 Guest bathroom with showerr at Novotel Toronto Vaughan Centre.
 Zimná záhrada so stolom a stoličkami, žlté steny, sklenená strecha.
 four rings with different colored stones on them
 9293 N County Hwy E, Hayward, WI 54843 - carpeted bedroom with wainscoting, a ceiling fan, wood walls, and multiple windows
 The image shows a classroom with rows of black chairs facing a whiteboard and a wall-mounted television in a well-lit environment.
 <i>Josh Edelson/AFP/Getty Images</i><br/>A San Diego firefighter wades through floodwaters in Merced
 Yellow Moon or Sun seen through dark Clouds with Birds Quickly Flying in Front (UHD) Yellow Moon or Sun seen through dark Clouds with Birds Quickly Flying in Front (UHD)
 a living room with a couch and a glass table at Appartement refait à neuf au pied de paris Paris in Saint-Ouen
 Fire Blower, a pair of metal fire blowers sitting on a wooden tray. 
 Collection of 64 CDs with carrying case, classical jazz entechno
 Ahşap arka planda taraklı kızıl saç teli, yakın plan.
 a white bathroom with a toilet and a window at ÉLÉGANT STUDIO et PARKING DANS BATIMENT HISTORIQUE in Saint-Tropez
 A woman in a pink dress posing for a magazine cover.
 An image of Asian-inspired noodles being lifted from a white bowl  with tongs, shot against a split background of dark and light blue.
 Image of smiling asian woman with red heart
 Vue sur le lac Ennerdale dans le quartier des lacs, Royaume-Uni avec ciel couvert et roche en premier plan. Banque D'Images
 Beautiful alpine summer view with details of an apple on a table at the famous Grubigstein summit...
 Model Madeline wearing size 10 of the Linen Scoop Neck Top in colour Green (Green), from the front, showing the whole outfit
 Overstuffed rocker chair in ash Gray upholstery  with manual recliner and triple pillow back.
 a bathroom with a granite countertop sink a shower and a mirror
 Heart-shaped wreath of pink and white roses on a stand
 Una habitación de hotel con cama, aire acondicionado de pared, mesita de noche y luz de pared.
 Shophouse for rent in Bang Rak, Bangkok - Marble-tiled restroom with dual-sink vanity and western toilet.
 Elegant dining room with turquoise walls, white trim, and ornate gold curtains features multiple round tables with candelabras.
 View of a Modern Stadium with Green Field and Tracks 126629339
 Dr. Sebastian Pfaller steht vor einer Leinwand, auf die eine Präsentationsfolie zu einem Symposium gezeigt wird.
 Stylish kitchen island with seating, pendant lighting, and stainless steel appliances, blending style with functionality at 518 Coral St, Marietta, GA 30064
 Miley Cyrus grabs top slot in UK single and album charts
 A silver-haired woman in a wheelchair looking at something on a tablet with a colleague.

- - -

WORK INSTRUCTIONS:
Could you transcribe the entries exactly, from the first line through the line containing "9293 N County", and give nothing more?

ANSWER SPACE:
 Guest bathroom with showerr at Novotel Toronto Vaughan Centre.
 Zimná záhrada so stolom a stoličkami, žlté steny, sklenená strecha.
 four rings with different colored stones on them
 9293 N County Hwy E, Hayward, WI 54843 - carpeted bedroom with wainscoting, a ceiling fan, wood walls, and multiple windows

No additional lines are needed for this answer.